И — показываю. Отхожу от него немножко вбок, нагибаюсь, нащупываю резинку и спо-койно, спо-койно…
«Браво, браво — Голлидэй, Соня! Если вы, действительно, с любым спутником, а не только со мной (и у него тут такая чудесно-жалкая, насмешливая улыбка, Марина!)… старым учителем… сохраните такое хладнокровие…»
Однажды я не удержалась, спросила: «Алексей Александрович, откуда вы все это знаете: про падающие чулки, тесемки, наши чувства, головы?… Откуда вы нас так знаете — с головы до ног? И он, серьезно (ровно настолько серьезно, чтобы все поверили, а я — нет): „Что я все знаю — неудивительно; я старый человек, а вот откуда у вас, маленькой девочки, такие вопросы?“» Но всегда, всегда я показывала, всегда на мне показывали, на других — как не надо, на мне — как надо, меня мальчишки так и звали: Стаховичев показ.
— А девчонки — завидовали?
Она, торжествующе:
— Лопались!! Это ведь была такая честь! Его все у нас страшно любили, и если бы вы знали, какие у нас матрешки. И вдобавок нахальные, напыженные! И — в каких локонах! (Фыркает.) У них настоящие туфли, дамские.
— Но почему вы, Сонечка, неужели вы так мало зарабатываете?
Она, кротко:
— У других мужья, Марина. У кого по одному, а у кого и по два. А у меня — только Юра. И мама. И две сестры. Они ведь у меня…
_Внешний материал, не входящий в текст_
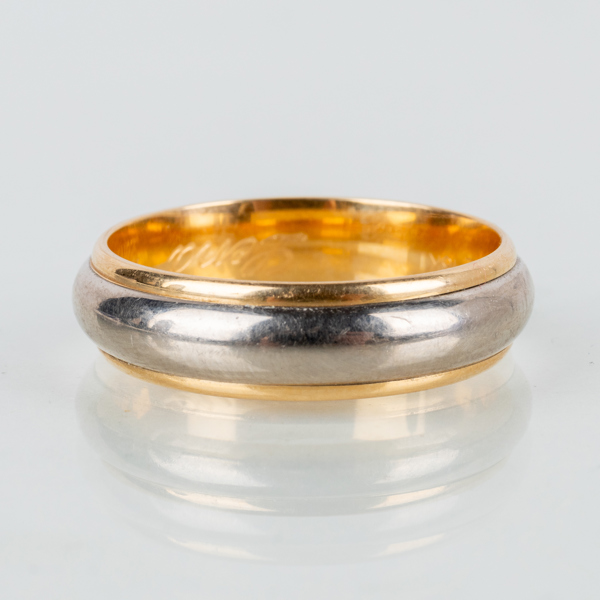 RING, 18k guld och vitguld, 2009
— Красавицы. Знаю и видела. А вы — Золушка, которая должна золу золить, пока другие танцуют. Но актриса-то — вы.
— А зато они — старшие. Нет, Марина, после папиной смерти я сразу поняла — и решила.
А их (показывает ножку) я все-таки ненавижу. Сколько они мне вначале слез стоили! Никак не могла привыкнуть.
* * *
— Марина! Это было ужасно. Он впервые пришел в Художественный театр после тифа — и его никто не узнал. Просто — проходили и не узнавали, так он изменился, постарел. Потом он сказал одному нашему студийцу: «Я никому не нужный старик…» …А как он пел, Марина! Какой у него был чудесный голос! (Сидим наверху в нашей пустынной деревянной кухне, дети спят, луна…)
— Да, то был вальс — старинный, томный…
Да, то был див-ный
(обрывая, как ставят точку)
— вальс!
Когда бы мо-лод был,
Как бы я вас лю-бил!
«Алексей Александрович! Это — уж вы сами! Этого в песне нет!» — мы ему, смеясь. «В моей — есть».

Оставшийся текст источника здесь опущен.